Data Engineer
Location: Bangalore
Type: Full-time
Overview of the role
ARTPARK’s One-Health team tackles interconnected challenges in human, animal, and environmental health through collaborative and interdisciplinary efforts.
Working with city, state, and national governments, we support data-driven public health responses to endemic, epidemic, and climate-related threats through innovative solutions leveraging statistical and AI/ML-based approaches.
In this role, you will have the opportunity to engage with leading experts in disease modelling, climate-health systems, engineering, and public health, both nationally and internationally, in a dynamic and highly motivated environment.
Responsibilities
Integrate and structure data from diverse sources into a coherent, harmonised format ready for use by advanced computational models.

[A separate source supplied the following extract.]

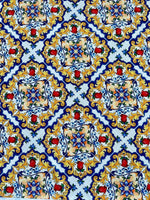 Majolica pattern fabric with vibrant Sicilian-inspired floral and geometric designs in blue, yellow, and red on white background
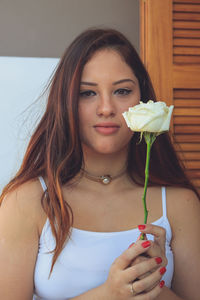 Portrait of smiling woman holding rose at home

Develop and automate a robust, scalable data and ETL pipeline using cutting-edge technologies to ensure smooth data flow, reliability, and real-time processing.
Work with data analysts and computational epidemiologists to design and deploy simple, accessible, and scalable data access mechanisms and policies while ensuring strict data governance that complies with relevant laws and policies.
Engage in exhaustive data cataloguing and documentation for all data acquired from various sources and maintain a repository of the standards and processes used on the data
You will be responsible for streamlining the data flow so that computational and simulation modellers can easily access and utilise the data in their models without manual intervention.
Manage and handle different types of data, including spatiotemporal complex datasets - such as semi-structured and unstructured data, climate data, image datasets
Apply state-of-the-art data standardisation techniques, leveraging AI and machine learning, including large language models (LLMs), to convert unstructured and semi-structured data into clean, usable formats for production-grade models.
Requirements
Bachelor's in computer science, engineering, mathematics or related quantitative scientific discipline. A master's degree is preferred
3-5 years experience in similar roles.
Demonstrable experience in developing and implementing ETL pipelines.
Expertise in Data Engineering and Automation: Proven experience designing and implementing robust data pipelines using tools like AWS cloud services and Python. Working on and prior experience maintaining open source stacks is highly desirable
Expertise in Database Management and Data Modelling: Deep knowledge of database management, schema design, and data modelling. Working closely with the computational epidemiology team, you will design databases and structures that align with their requirements, ensuring the data is well-organised and ready for analysis.
Prior experience with AI and Machine Learning Integration is desirable but not required.
ARTPARK at IISc drives impact through innovations in AI & Robotics, by harnessing the best of research/academia, startups/industry, and government/nonprofits.
Our pioneering platform initiatives in language data & AI and health data & AI are driving national-scale impact with stakeholders such as MeitY’s Bhashini, Office of PSA, ICMR, States and Cities. At ARTPARK, you will work with the best researchers in the country and around the world in a strong data-driven environment and have the opportunity to address systemic issues and implement solutions.
These platforms are in pursuit of our vision – AI for All.